Editors: Dong Hyun Kim1, Sangkyu Lee1
PMCID: PMC8068971  PMID: 33924315

Abstract

Drug–drug interactions (DDIs) can cause drug toxicities, reduced pharmacological effects, and adverse drug reactions. Studies aiming to determine the possible DDIs for an investigational drug are part of the drug discovery and development process and include an assessment of the DDIs potential mediated by inhibition or induction of the most important drug-metabolizing cytochrome P450 isoforms. Our study was dedicated to creating a computer model for prediction of the DDIs mediated by the seven most important P450 cytochromes: CYP1A2, CYP2B6, CYP2C19, CYP2C8, CYP2C9, CYP2D6, and CYP3A4. For the creation of structure–activity relationship (SAR) models that predict metabolism-mediated DDIs for pairs of molecules, we applied the Prediction of Activity Spectra for Substances (PASS) software and Pairs of Substances Multilevel Neighborhoods of Atoms (PoSMNA) descriptors calculated based on structural formulas. About 2500 records on DDIs mediated by these cytochromes were used as a training set. Prediction can be carried out both for known drugs and for new, not-yet-synthesized substances. The average accuracy of the prediction of DDIs mediated by various isoforms of cytochrome P450 estimated by leave-one-out cross-validation (LOO CV) procedures was about 0.92. The SAR models created are publicly available as a web resource and provide predictions of DDIs mediated by the most important cytochromes P450.

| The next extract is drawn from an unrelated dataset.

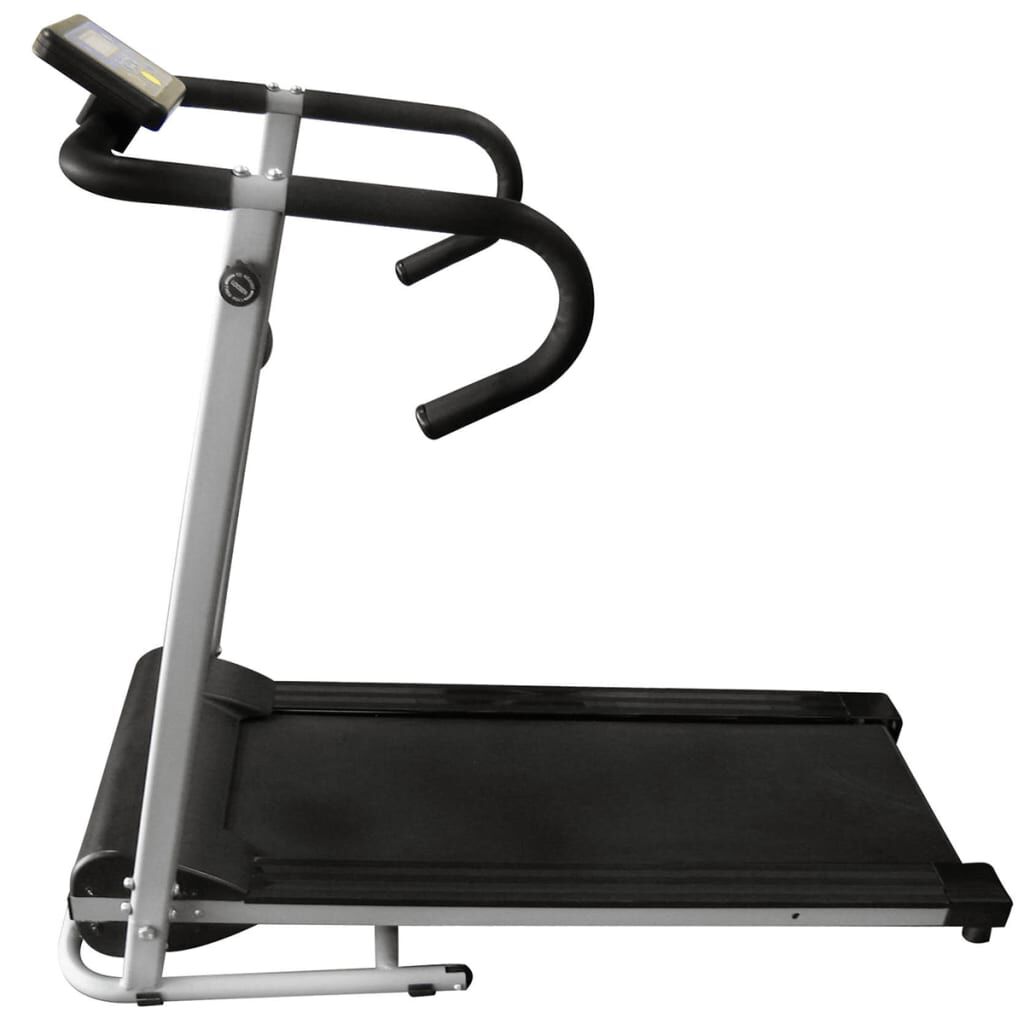 vidaXL Διάδρομος Ηλεκτρικός 500 W 100 x 34 εκ. με Οθόνη LCD 3"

Keywords: drug interaction, DDI, computational prediction, in silico, QSAR, drug metabolism, ADME, pharmacokinetics, CYP, polypharmacy, metabolic DDI, P450, 1A2, 2B6, 2C19, 2C8, 2C9, 2D6, 3A4

1. Introduction

For the treatment of complex disorders, patients often take multiple medications at the same time, which potentially cause drug–drug interactions (DDIs). Usually, DDIs are divided into three types: pharmaceutical, pharmacodynamic, and pharmacokinetic [1]. Pharmaceutical DDIs may appear due to physical or chemical interactions, for example, when drugs are mixed in a syringe before infusion, and such DDIs are rare. Pharmacodynamic DDIs may occur when a pair or more co-administered drugs act on the same physiological system or target. Pharmacokinetic DDIs are very common and occur when one of the drugs (“violator” or “precipitant” drug) affects the absorption, distribution, metabolism, or excretion of another drug (“victim” or “object” drug). Such DDIs provoke an increase or a decrease in the exposure of an object drug and lead to a change in drug pharmacological action. In this study, we focused on the pharmacokinetic DDIs at the metabolism level (biotransformation), the so-called “metabolic DDIs.”

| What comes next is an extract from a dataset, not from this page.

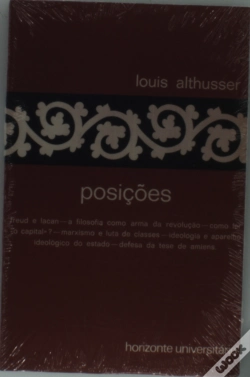 Capa do artigo Posições 1964-1975
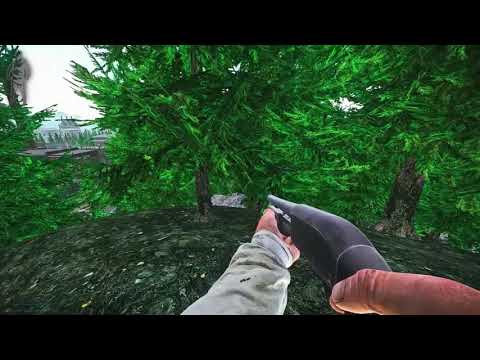 spawned in as sniper scav!!!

The most common drug-metabolizing enzymes (DMEs) in the first phase of xenobiotic metabolism in the human body are several isoforms of the cytochrome P450 superfamily. The U.S. Department of Health and Human Services Food and Drug Administration Center for Drug Evaluation and Research (FDA CDER) requires determining which drug-metabolizing enzymes (CYP3A, CYP2D6, CYP2C19, CYP2C9, CYP2C8, CYP2B6, or CYP1A2) metabolize the investigational drug during in vitro studies of metabolic DDIs estimates [2].

In silico methods can help prioritize drug discovery efforts by guiding, but not replacing, in vitro and in vivo experiments. Previously, we presented a comprehensive review of the methods for predicting the DDIs related to the inhibition or induction of DMEs [3]. Most of such in silico methods predict DDIs indirectly. A recently presented machine learning (ML) method used different molecular fingerprints to classify compounds as inhibitors or noninhibitors of five major cytochrome P450 isoenzymes [4]. Ligand-based and structure-based methods dealing with substrates, inhibitors [5,6], and inducers [7] of particular DMEs. Results of prediction could help to determine possible DDIs. However, such conclusions are not sufficiently reliable, as the pairs of substances that are substrates and inhibitors (or inducers) of DMEs may not exhibit DDIs. On the other hand, DDIs have often occurred between substances that could act as substrates, inducers, and inhibitors (that may act by various inhibition mechanisms); for example, this is a widespread case for cytochrome P450 CYP3A4 [8]. At best, a pair of potentially exhibiting DDI substances should be considered together during prediction as the whole entity. However, previously developed ligand-based and structure-based computational methods did not consider two substances in pairs simultaneously. Direct DDIs estimation methods for the pairs of substances include structure resemblance and functional similarities methods and literature-based DDIs prediction methods [9,10,11,12,13,14]. These methods deal with the pairs of substances but require information about the pharmacokinetics and pharmacodynamics [9,14], interaction profile, target and side-effects [10,13], and the phenotypic, therapeutic, chemical, and genomic properties [11] of substances or medical records [12]. It is clear that for new, not-yet-synthesized, and virtual substances, such information does not exist. The results of predictions of this group of methods [9,10,11,12,13,14] have often been presented as data sets containing a bulk conglomerate of information about potential DDIs predicted between the existing drugs. Such examples include 430,128 [10], 145,068 [13], and over 250,000 [14] records of unknown potential DDIs in the sets of predicted results. However, this bulk of information concerning drug pairs is provided without assessment of the possibility of DDIs manifestation.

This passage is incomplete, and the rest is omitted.